夕暮れ時、涼しい風が吹き始めたのでジョギングに出ることにしました。
今年の夏はことに暑かったため、走ることはやめていたのですが、
「そろそろ、この風の中なら走っても大丈夫かな。」
いつもの田畑の間を抜けるコースを5㎞ほどゆっくりゆっくり走りました。

この日はとても迫力のある夕空でした。
荒波の波頭のような雲が空一面に広がり、夕日を受けて艶やかな紅色や黄金色に輝いています。
彼方まで稲穂の続く道を走る私の頭上には、ほぼ180度、極彩色の夕空。
薄羽黄蜻蛉(ウスバキトンボ)が無数に稲穂の上に浮いて、夕空の高みを突き抜けるように秋燕が群れ飛んでいます。
視野に入るものすべてがあまりにも美しすぎる風景だったので、
「なんだか・・・言葉から解放された感じ!」
句を詠むとか、そんな努力は徒労としか思えなくて、ゆっくりゆっくり走りながら、虫や鳥たちと同じ目で、ただ夕空を見つめました。
大きな枷がひとつはずれた気持ちです。
「言葉にできないことは、言葉に変換する必要がないんだよね。
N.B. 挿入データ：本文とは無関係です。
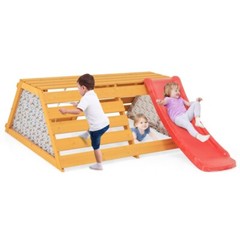 5-in-1 Indoor Kids Wooden Climber Gym Playset With Climbing Rope & Climbing Wall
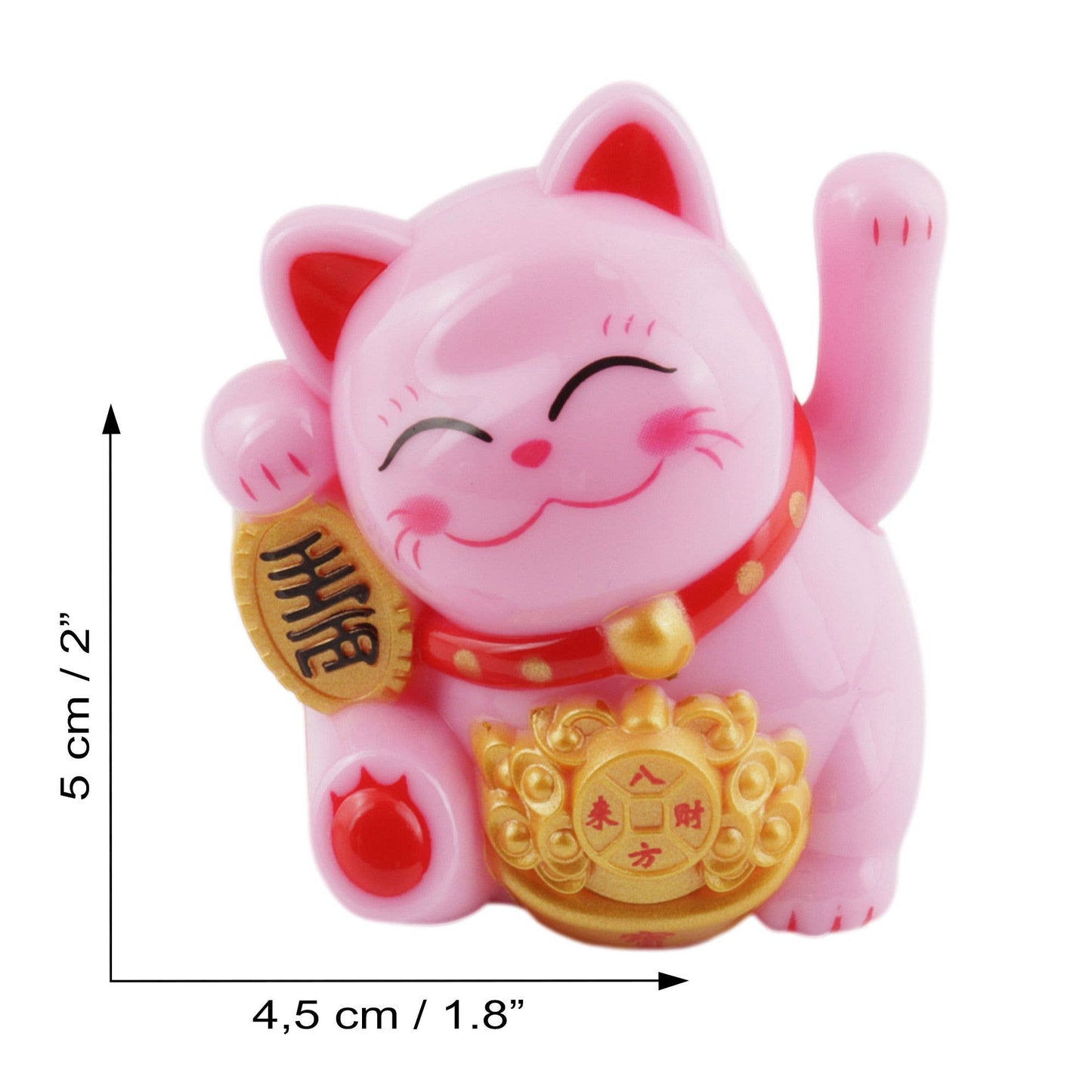Glückskatze Mini Maneki-neko Freude rosa Solar 5cm Lucky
」
風景を貪るように言葉を探すことよりも、静かに風景を享受することの幸。
またひとつ、気づきをいただいた秋の夕暮れでした。

写真は、ジョギングを終えて帰ってから大慌てでカメラを持って外に出て、ご近所の橋から写した夕暮れです。
すでに日が落ちているのでずいぶん色あせていますが、少しでも雲の迫力をお伝えできていれば嬉しいです。

最後までお読みいただき、ありがとうございました。